Я считаю своим долгом запечатлеть эту нашу напряженную, неимоверно насыщенную драматизмом жизнь, ибо — я повторяю — мы были свидетелями этих невероятных перемен, каждого из нас вынудили быть таким свидетелем. У нашего поколения не было возможности скрыться, бежать, как у прежних; благодаря новейшим средствам связи мы постоянно находились в гуще событий. Если бомбы разносили в щепки дома в Шанхае, мы у себя дома в Европе узнавали это раньше, чем раненых выносили из их жилищ. События, происходившие за океаном, за тысячи миль от нас, представали перед нами воочию на экране. Не было никакой защиты, никакого спасения от этих будоражащих известий, от этого соучастия во всем. Не было ни страны, куда можно было бы бежать, ни тишины, которую можно было бы купить, всегда и всюду нас доставала рука судьбы и насильно втягивала в свою нескончаемую игру.

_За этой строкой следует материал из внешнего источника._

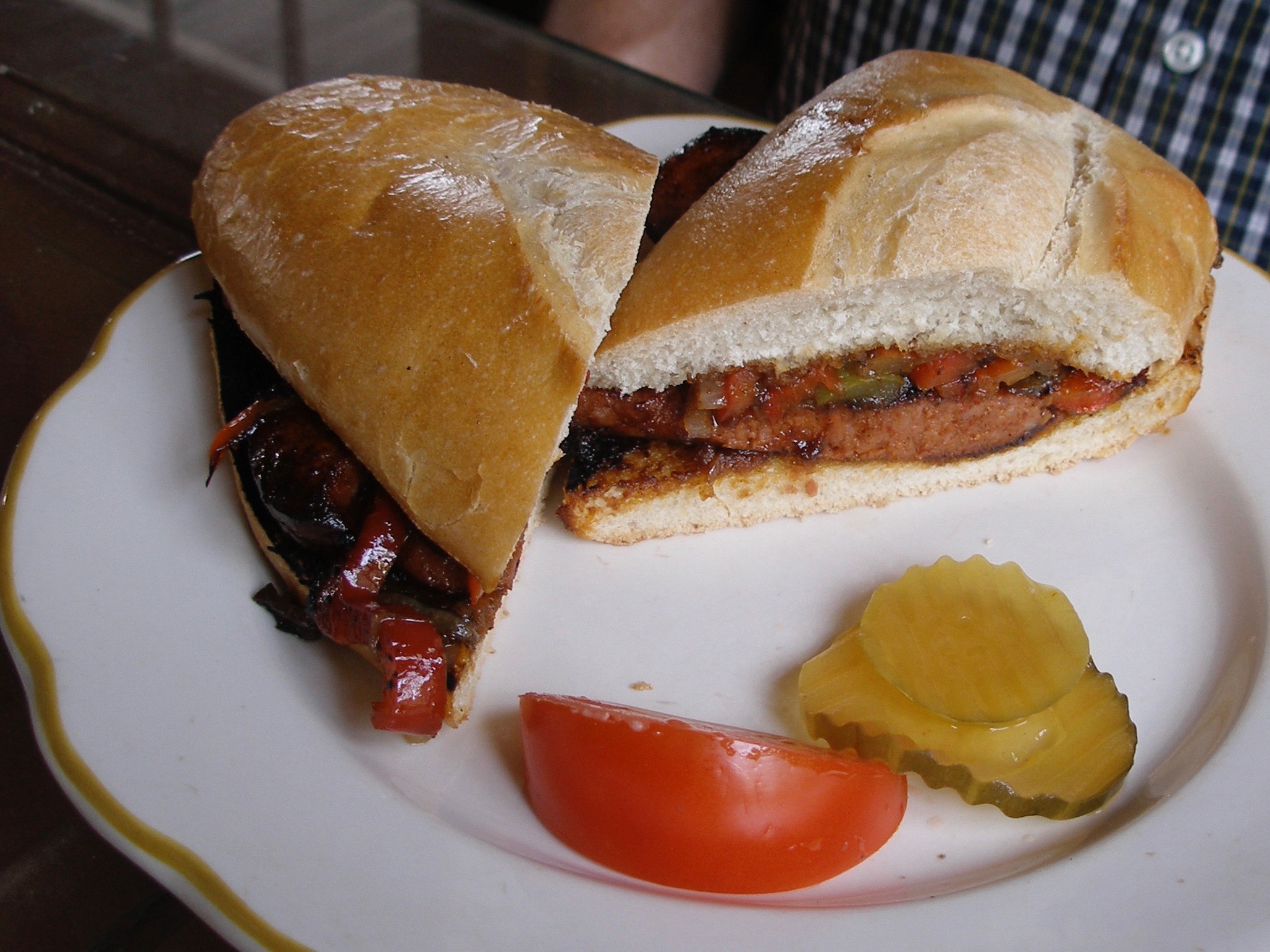 Sausage Sandwich Los Angeles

Нужно было постоянно подчиняться требованиям государства, становиться добычей тупоумной политики, приспосабливаться к самым фантастическим переменам, и, несмотря на отчаянное сопротивление, ты всегда был прикован к общей судьбе; неотвратимо она влекла за собой каждого. И тот, кто прошел сквозь это время или, более того, кого сквозь него прогнали, кого травили мы знали мало передышек, — больше ощутил движение истории, чем кто-либо из его предков. И вот мы снова, в который раз, стоим на перепутье: позади прошлое, впереди — неизвестность. И вовсе не случайно, что свой рассказ о прошлом я завершаю конкретной датой. Ибо тот сентябрьский день 1939 года подводит окончательную черту под эпохой, которая нас, шестидесятилетних, сформировала и воспитала. Но если мы нашим свидетельством передадим следующему поколению хотя бы осколок того, что ранее составляло правду, то мы трудились не совсем напрасно…

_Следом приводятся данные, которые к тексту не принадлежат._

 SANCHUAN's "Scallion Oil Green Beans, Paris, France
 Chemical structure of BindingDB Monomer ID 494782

Наш мир 1939 года уже не имел былой, по-детски наивной легковерности, как тот — 1914 года. Тогда народ еще слепо доверял своим авторитетам; никто в Австрии не отважился бы подумать, что повсюду почитаемый отец страны император Франц Иосиф на двадцать четвертом году своего правления мог призвать свой народ без крайней на то необходимости, потребовать кровавых жертв, если бы империи не угрожали злые, коварные, преступные враги. Немцы в свою очередь прочитали телеграммы их кайзера к царю, в которых он ратовал за мир; благоговейное почитание «старших» начальников, министров, дипломатов, их проницательности и честности было еще в крови маленького человека.

Если уж дело дошло до войны, то это могло случиться лишь против воли их государственных деятелей: они не виноваты ни в чем, никто во всей стране не несет ни малейшей вины. Следовательно, преступники, поджигатели войны должны были быть по ту сторону, в другой стране: мы вынуждены защищаться от подлого и коварного врага, который без всякой причины «напал» на мирную Австрию и Германию.

В 1939 году, напротив, эта почти религиозная вера в честность или, по меньшей мере, в особые достоинства собственного правительства исчезла во всей Европе. Дипломатию презирали с той поры, когда с горечью убедились, что в Версале она не использовала возможность достижения длительного мира; народы слишком хорошо помнили, как бессовестно их обманули обещаниями разоружения и устранения тайной дипломатии.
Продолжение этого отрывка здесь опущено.